Starting at the line that contains "[95be89] If you", quote every line through the end of the entries, word for word, skipping the pictures.

Items from a dataset:

#####

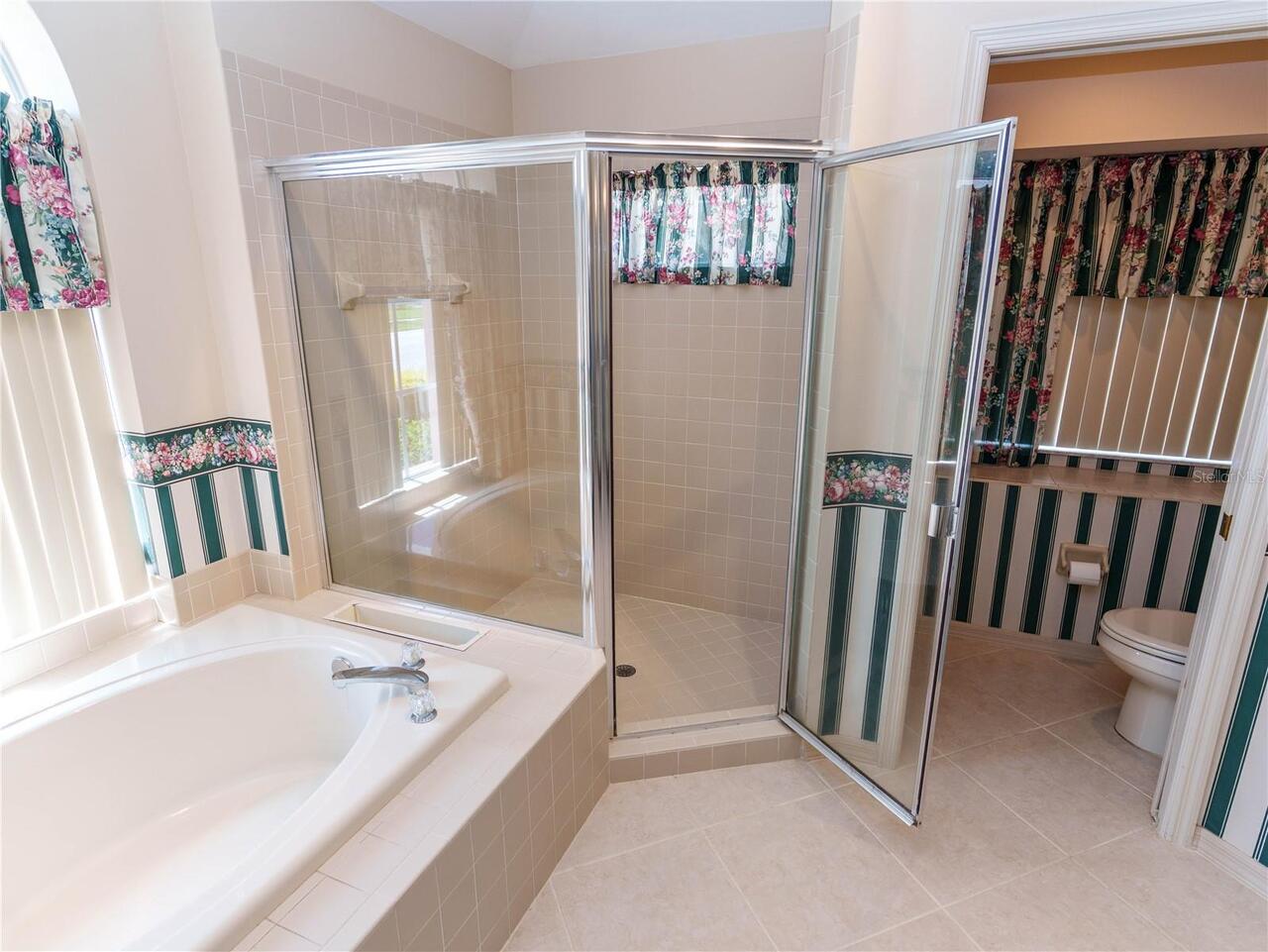 Listing Photo 22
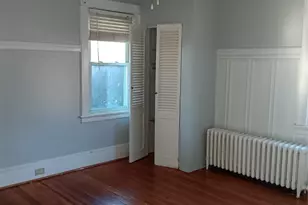 89 Hillcrest Ave, Port Chester, NY 10573 - Photo 7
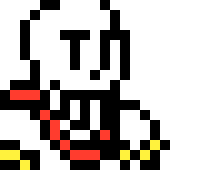[95be89] If you said Undertale, well... Your fucking wrong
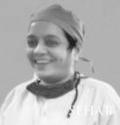 Dr. Nirved Jain Plastic & Cosmetic Surgeon in Raipur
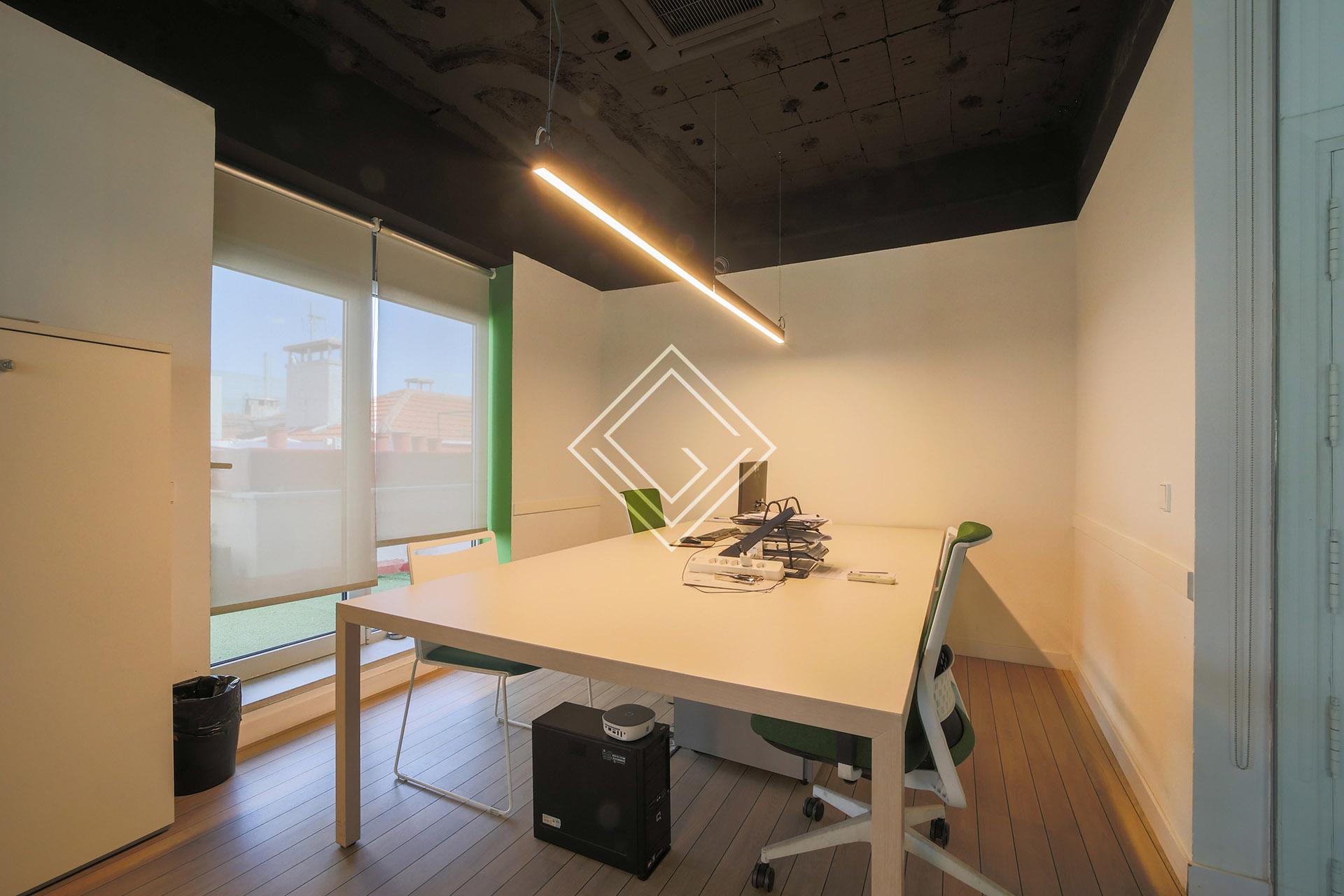 Imagen 7 de la propiedad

#####

Exercise output =>
[95be89] If you said Undertale, well... Your fucking wrong
 Dr. Nirved Jain Plastic & Cosmetic Surgeon in Raipur
 Imagen 7 de la propiedad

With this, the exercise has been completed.